I have yet to hear of a single lobbyist's argument that manages to even require a moment's thought before it falls apart.
It is not about restoring Glass-Steagall, unless you're idea of reform involves having the grandchildren do this same thing all over again.
The reform that is necessary is to return the money-creation powers that now reside with the Fed and their private banking cartel back to the people in the form of a Federal Monetary Authority.
The FMA would be responsible for increasing the quantity of money each year to have a stable means of exchange while maintaining price stability.
This involves the FULL democratization of the nation's money system, while putting the bankers back into the banking business. Such a system was supported by conservatives like Milton Friedman and progressives like Henry Simons. It was proposed as LEGISLATION back in 1933 under the Chicago Plan for Monetary Reform.
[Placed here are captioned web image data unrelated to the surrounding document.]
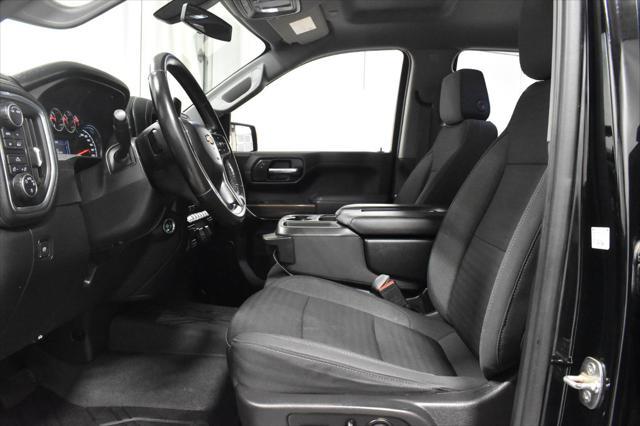 used 2021 Chevrolet Silverado 1500 car, priced at $30,626
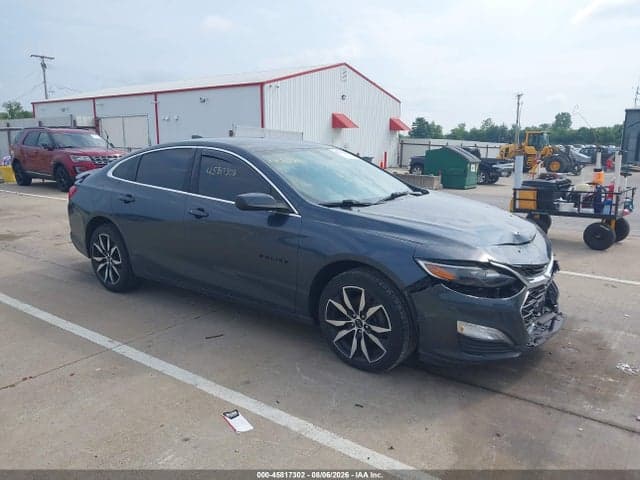 2020 CHEVROLET MALIBU FWD RS - 1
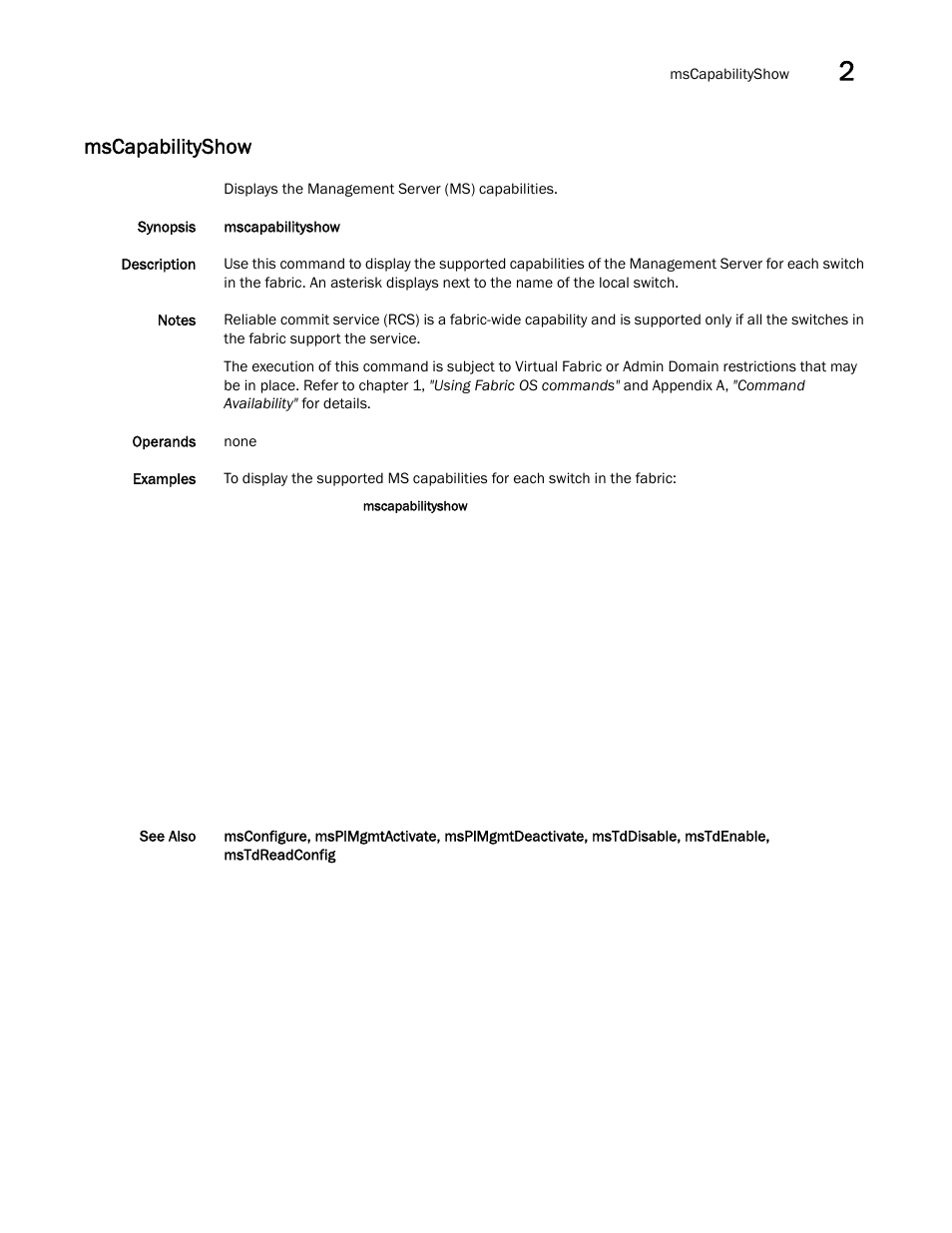 Mscapabilityshow | Dell POWEREDGE M1000E User Manual | Page 539 / 1080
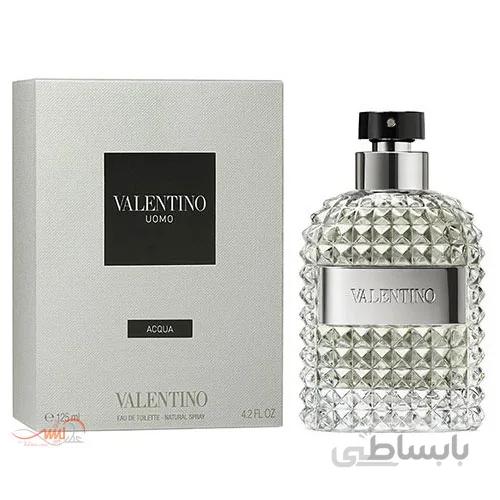 ادکلن ولنتینو اومو آکوا ادوتوالت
I lay out the purpose and methods of the Chicago Plan here:
http://www.youtube.com/watch?v=Yskvp-9Jgxs&feature=channel_page
It was crafted back then in response to the 1929 Crash which was supposed to have been prevented by the passage of the Fed Act. .
It has been re-crafted today by the American Monetary Institute (www.monetary.org).
What is needed is greater political will than has been shown by Obama and most of the Dems, Kucinich excepted.
The AMI's annual monetary reform conference runs Sept 24 - 27 in Chicago.
http://www.monetary.org/2009schedule.html
The Money System Common
1) We do not have a "free market" and we never have. Republicans, like Democrats, hate the free market because bad behavior at a corporation in true free market terms would lead to bankruptcy with NO GOVERNMENT BAILOUT. That is the essence of the original idea of capitalism which we have not practiced since the creation of the Federal Reserve.
2) Creating a government agency is good in theory but how long before the interests being regulated take over that agency? This has been the case in DC for years. Plus, regulatory agencies have historically created monopolies in the industry that they are regulating because small business can not compete with universal regulations.
I do like many of your ideas and I am glad that the left wing is starting to embrace anti-trust legislation against the banks (BUST THEM UP LIKE STANDARD OIL) and auditing of the Federal Reserve. Those are the two best things we can do to fix this problem.
Just remember public sentiment was for the healthcare public option and look where that's getting us.
Lobbyists count -the public not so much.